En aquel momento particular yo no estaba muy al día; iba siempre un poco rezagado. Todo el mundo parecía ser muy listo, y yo tenía la sensación de estarme quedando atrás. Sea como fuere, estaba compartiendo una habitación con un chaval llamado Martin Block, un experimentalista. Y una noche me dijo: «¿Por qué están todos insistiendo tanto en el principio de paridad? A lo mejor, la partícula tau y la theta son la misma partícula. ¿Qué pasaría si el principio de paridad fuera falso?».
Estuve pensando un momento, y dije: «Ello implicaría que las leyes de la naturaleza serían diferentes para las manos derecha e izquierda, y que habría una forma de definir la orientación de las manos derecha e izquierda por medio de fenómenos físicos. No veo eso sea tan terrible. Seguro que en algún sitio ha de tener malas consecuencias; pero no sé. ¿Por qué no les preguntas mañana a los especialistas?».
Me dijo: «No, a mí no me escucharían. Pregúntales tú».
Así que al día siguiente, en la reunión, cuando estábamos discutiendo el enigma theta-tau, Oppenheimer dijo:
«Nos hace falta oír opiniones nuevas y más atrevidas sobre este problema».
Me levanté y dije: «Voy a formular una pregunta en nombre de Martin Block: ¿Cuáles serían las consecuencias de que el principio de paridad fuera falso?».
Mucho se ha metido Murray Gell-Mann conmigo, diciéndome que no tuve coraje para hacer la pregunta en nombre propio. Pero no fue ésa la razón. Me pareció que podría muy bien ser una idea importante.
Lee, del tándem Lee y Yang, respondió algo complicado, que como de costumbre no entendí muy bien. Al final de la reunión, Block me preguntó qué era lo que Lee había dicho, y le respondí que no lo sabía, pero que por lo que había podido entrever era una cuestión todavía no resuelta, que todavía cabía una posibilidad de que el principio de paridad no fuese verdadero. A mí no me parecía que tal cosa fuera probable, pero sí pensaba que cabía en lo posible.
Norm Ramsey me preguntó si en mi opinión debería tratar de hacer algún experimento que pusiera de manifiesto una violación de la ley de paridad, y le respondí: «La mejor forma de explicarlo es: te apuesto solamente cincuenta contra uno a que no encuentras nada».

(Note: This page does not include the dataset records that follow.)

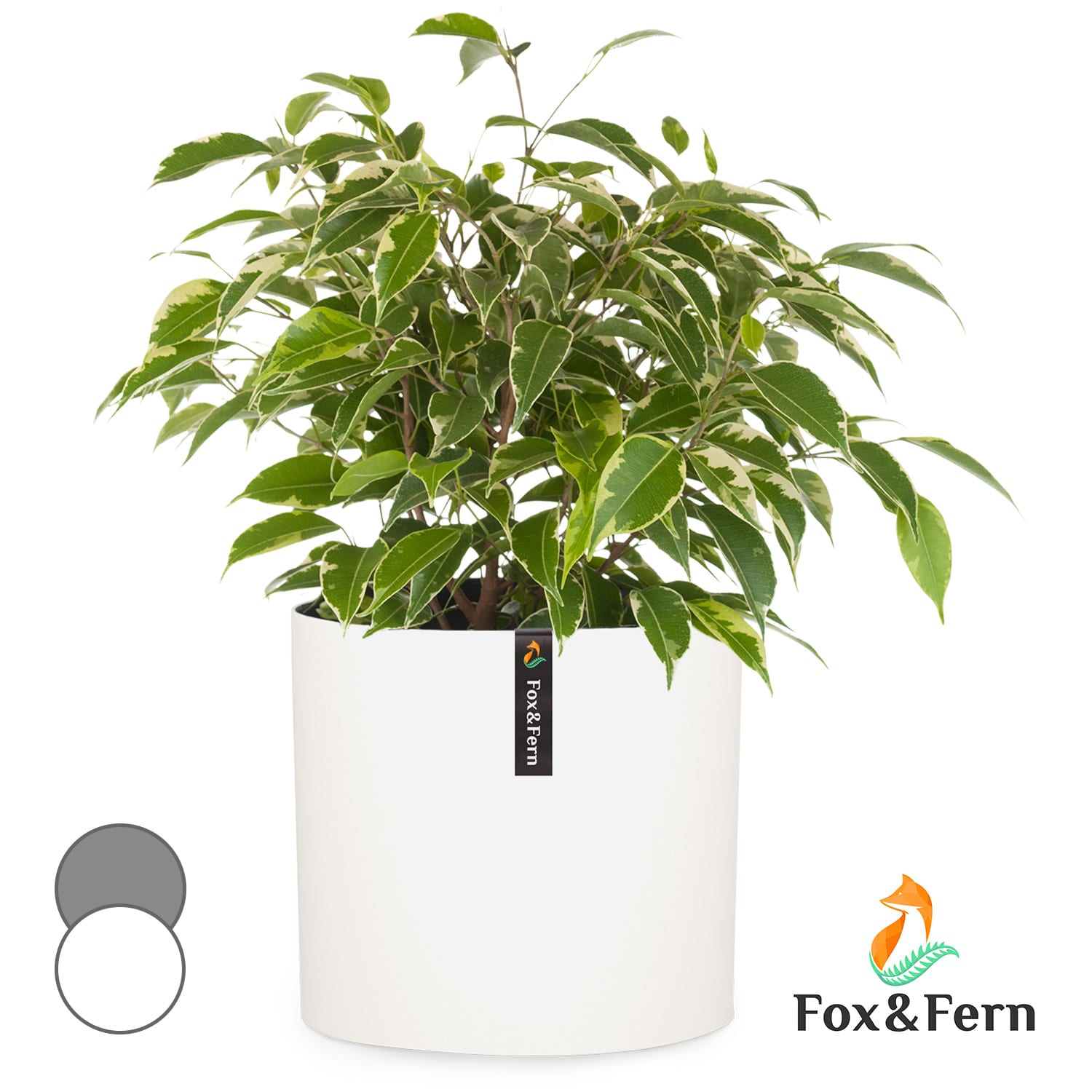 Pot de fleurs Venlo polystone intérieur et extérieur 3 tailles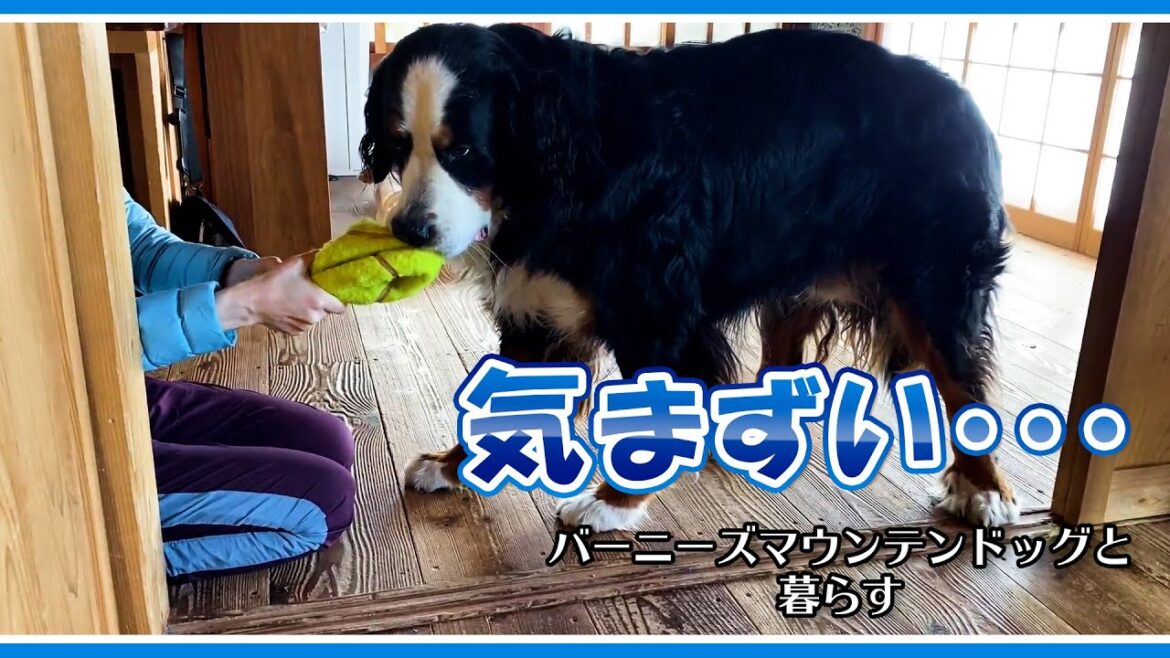 どうしたらよいか分からない表情が可愛いバーニーズマウンテンドッグ　Bernese Mountain Dog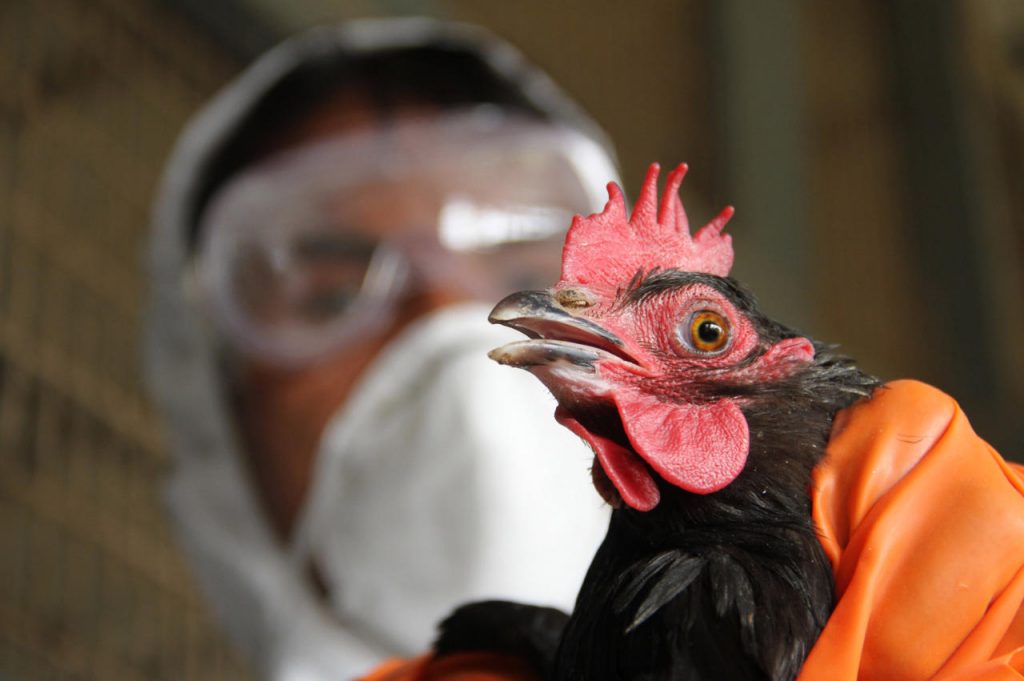 Смертельный контакт: птичий грипп в Америке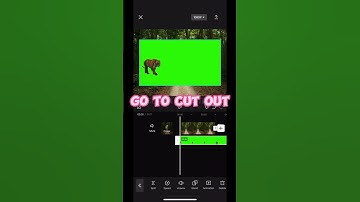 How To Use Green Screen Effect | Chroma key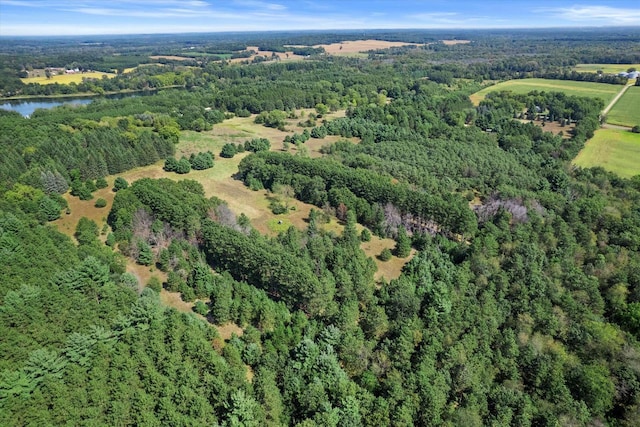 bird's eye view with a water view and a wooded view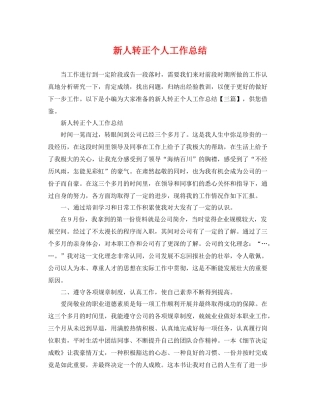 新人转正个人工作总结 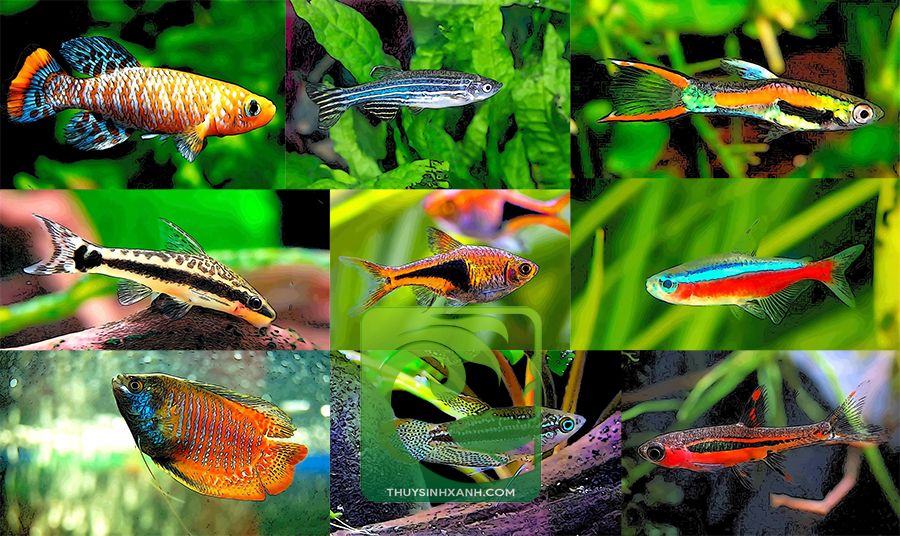 15 Loài cá cảnh nhỏ cho bể cá mini siêu đẹp 2021 1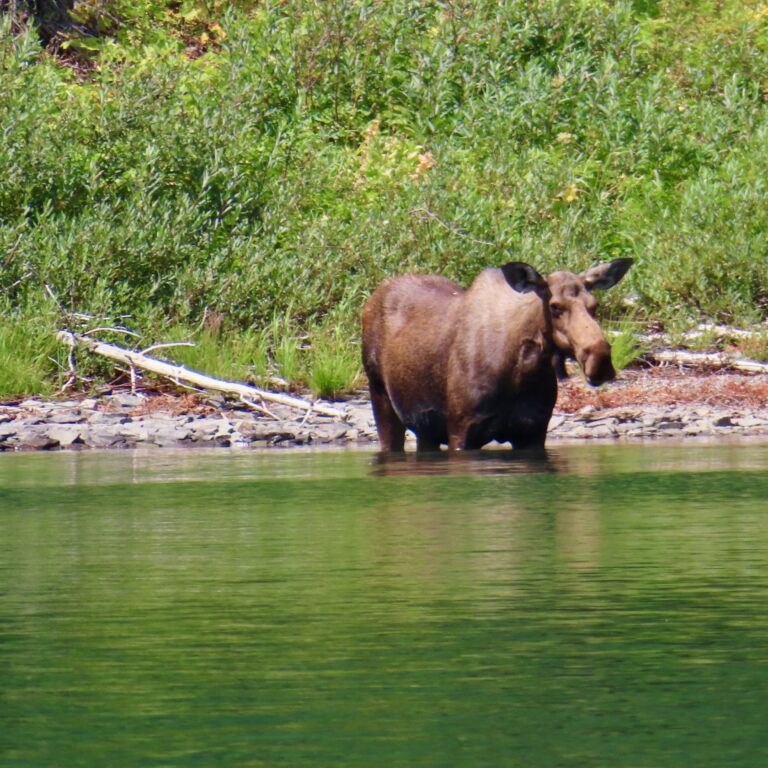 moose in lake Josephine glacier national park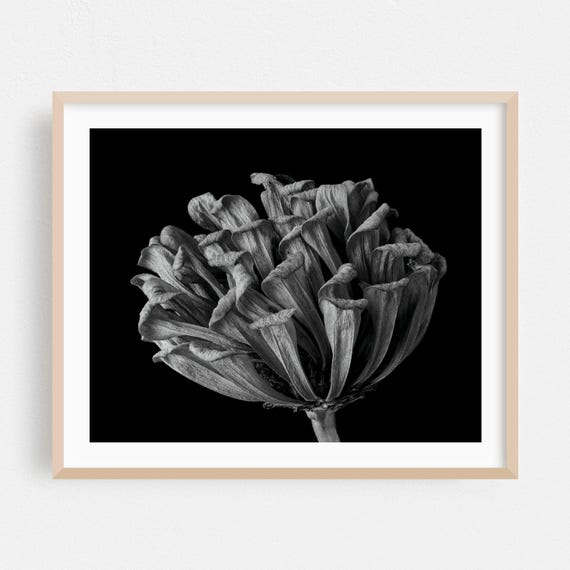 Black And White Print Botanical Wall Art Floral Framed Nature Home Decor Minimalist Poster Abstract Fine Moody Photography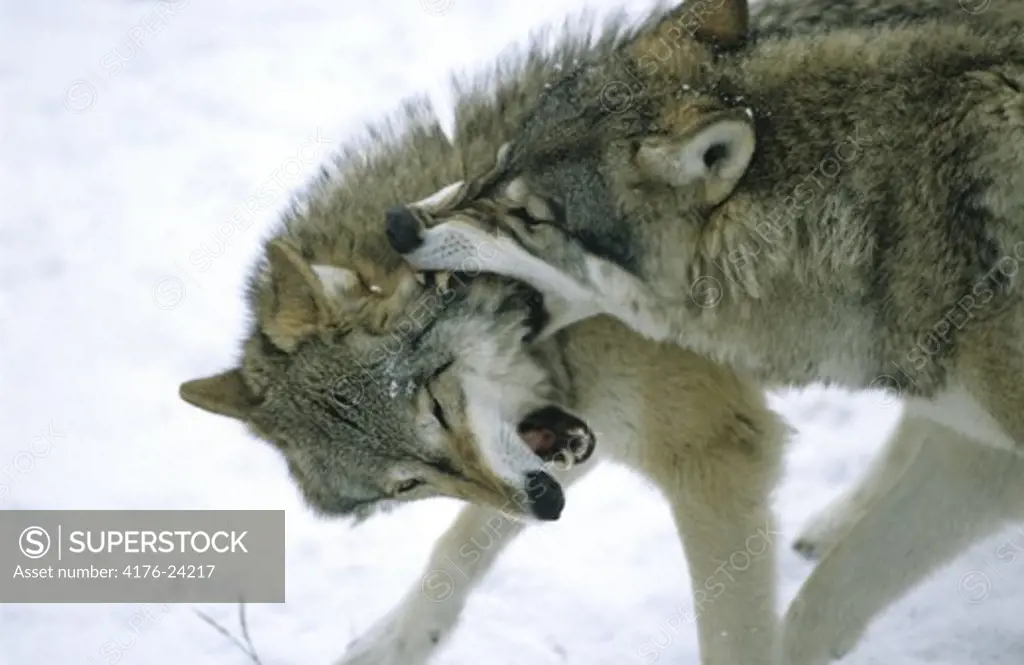 Close-up of two wolves fighting, Sweden.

Él dijo: «A mí me basta». Pero no llegó a realizar el experimento.
Murray me dijo más tarde que estando él en Rusia dando unas conferencias, se valió de la propuesta de la violación de la ley de paridad como ejemplo de las ridículas y absurdas ideas que se le ocurrían a la gente para tratar de descifrar el enigma theta-tau.
Sea como fuere, la violación del principio de paridad fue experimentalmente descubierta, por la doctora Wu, y ello abrió todo un montón de nuevas posibilidades para la teoría de la descomposición beta. También dio vía libre a toda una pléyade de experimentos inmediatamente posteriores. Algunos de ellos mostraban electrones procedentes del núcleo con espín (movimiento de rotación) a izquierdas, y otros, con espín a derechas. Se hicieron todo tipo de experimentos, que produjeron toda clase de interesantes hallazgos al respecto del principio de paridad. Pero los datos eran tan confusos que nadie atinaba a poner las cosas en claro.
En cierto momento hubo un congreso en Rochester —la Conferencia Anual de Rochester. Yo seguía rezagado, y Lee estaba presentando su artículo sobre la violación de la paridad. Yang y él habían llegado a la conclusión de que se infringía el principio de paridad, y ahora estaban presentando la teoría que explicaba por qué.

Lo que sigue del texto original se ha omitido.